ASSIGNED TASK:
Starting at the line that holds "Montre homme avec" and stopping at the line that holds "Ecologistas pide eliminar", restate the records below word for word, with both of those lines included.

━━━

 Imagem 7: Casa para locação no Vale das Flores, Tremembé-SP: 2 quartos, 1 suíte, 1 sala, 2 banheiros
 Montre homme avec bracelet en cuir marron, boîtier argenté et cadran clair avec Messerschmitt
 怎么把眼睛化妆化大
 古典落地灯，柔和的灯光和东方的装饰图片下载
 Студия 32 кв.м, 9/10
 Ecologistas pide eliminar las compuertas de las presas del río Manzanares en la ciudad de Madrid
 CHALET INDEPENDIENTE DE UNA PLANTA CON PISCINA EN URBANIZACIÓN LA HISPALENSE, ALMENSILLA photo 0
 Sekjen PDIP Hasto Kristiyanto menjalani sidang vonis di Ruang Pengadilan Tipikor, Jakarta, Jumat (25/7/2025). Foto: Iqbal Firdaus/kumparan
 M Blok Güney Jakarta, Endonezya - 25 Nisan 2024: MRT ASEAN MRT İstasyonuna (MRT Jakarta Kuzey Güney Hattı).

━━━

THE ANSWER:
 Montre homme avec bracelet en cuir marron, boîtier argenté et cadran clair avec Messerschmitt
 怎么把眼睛化妆化大
 古典落地灯，柔和的灯光和东方的装饰图片下载
 Студия 32 кв.м, 9/10
 Ecologistas pide eliminar las compuertas de las presas del río Manzanares en la ciudad de Madrid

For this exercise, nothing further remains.